5.  MIMNet: Multi-Interest Meta Network with Multi-Granularity Target-Guided Attention for Cross-domain Recommendation

Xiaofei Zhu, Yabo Yin, Li Wang

https://arxiv.org/abs/2408.00038

Cross-domain recommendation (CDR) plays a critical role in alleviating the sparsity and cold-start problem and substantially boosting the performance of recommender systems. Existing CDR methods prefer to either learn a common preference bridge shared by all users or a personalized preference bridge tailored for each user to transfer user preference from the source domain to the target domain. Although these methods significantly improve the recommendation performance, there are still some limitations. First, these methods usually assume a user only has a unique interest, while ignoring the fact that a user may interact with items with different interest preferences. Second, they learn transformed preference representation mainly relies on the source domain signals, while neglecting the rich information available in the target domain.

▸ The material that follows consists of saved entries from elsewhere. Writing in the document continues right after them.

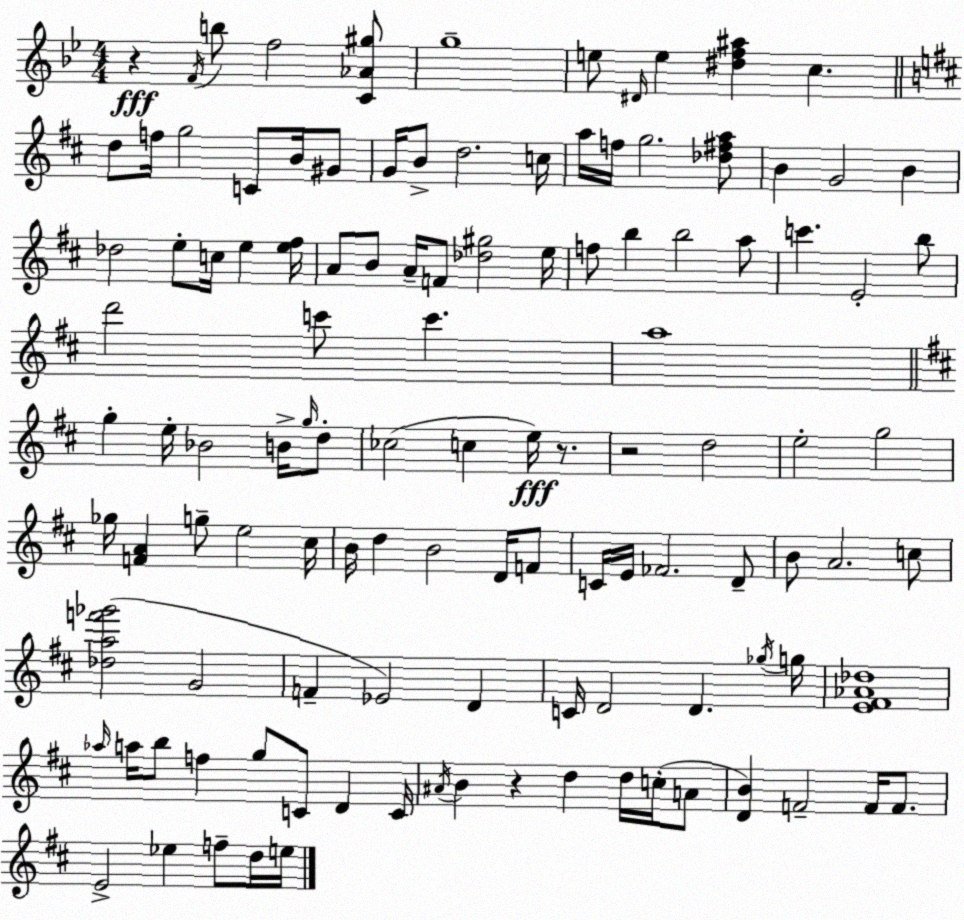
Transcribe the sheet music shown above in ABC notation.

X:1
T:Untitled
M:4/4
L:1/4
K:Gm
z F/4 b/2 f2 [C_A^g]/2 g4 e/2 ^D/4 e [^df^a] c d/2 f/4 g2 C/2 B/4 ^G/2 G/4 B/2 d2 c/4 a/4 f/4 g2 [_d^fa]/2 B G2 B _d2 e/2 c/4 e [e^f]/4 A/2 B/2 A/4 F/2 [_d^g]2 e/4 f/2 b b2 a/2 c' E2 b/2 d'2 c'/2 c' a4 g e/4 _B2 B/4 g/4 d/2 _c2 c e/4 z/2 z2 d2 e2 g2 _g/4 [FA] g/2 e2 ^c/4 B/4 d B2 D/4 F/2 C/4 E/4 _F2 D/2 B/2 A2 c/2 [_daf'_g']2 G2 F _E2 D C/4 D2 D _g/4 g/4 [E^F_A_d]4 _a/4 a/4 b/2 f g/2 C/2 D C/4 ^A/4 B z d d/4 c/4 A/2 [DB] F2 F/4 F/2 E2 _e f/2 d/4 e/4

To handle these issues, in this paper, we propose a novel method named Multi-interest Meta Network with Multi-granularity Target-guided Attention (MIMNet) for cross-domain recommendation. To be specific, we employ the capsule network to learn user multiple interests in the source domain, which will be fed into a meta network to generate multiple interest-level preference bridges. Then, we transfer user representations from the source domain to the target domain based on these multi-interest bridges. In addition, we introduce both fine-grained and coarse-grained target signals to aggregate user transformed interest-level representations by incorporating a novel multi-granularity target-guided attention network. We conduct extensive experimental results on three real-world CDR tasks, and the results show that our proposed approach MIMNet consistently outperforms all baseline methods. The source code of MIMNet is released at https://github.com/marqu22/MIMNet

6.  GenRec: Generative Personalized Sequential Recommendation

Panfeng Cao, Pietro Lio

https://arxiv.org/abs/2407.21191

Sequential recommendation is a task to capture hidden user preferences from historical user item interaction data. Significant progress has been made in this domain by leveraging classification based learning methods. Inspired by the recent paradigm of 'pretrain, prompt and predict' in NLP, we consider sequential recommendation as a sequence to sequence generation task and propose a novel model named Generative Recommendation (GenRec). Unlike classification based models that learn explicit user and item representations, GenRec utilizes the sequence modeling capability of Transformer and adopts the masked item prediction objective to effectively learn the hidden bidirectional sequential patterns. Different from existing generative sequential recommendation models, GenRec does not rely on manually designed hard prompts. The input to GenRec is textual user item sequence and the output is top ranked next items. Moreover, GenRec is lightweight and requires only a few hours to train effectively in low-resource settings, making it highly applicable to real-world scenarios and helping to democratize large language models in the sequential recommendation domain. Our extensive experiments have demonstrated that GenRec generalizes on various public real-world datasets and achieves state-of-the-art results. Our experiments also validate the effectiveness of the the proposed masked item prediction objective that improves the model performance by a large margin.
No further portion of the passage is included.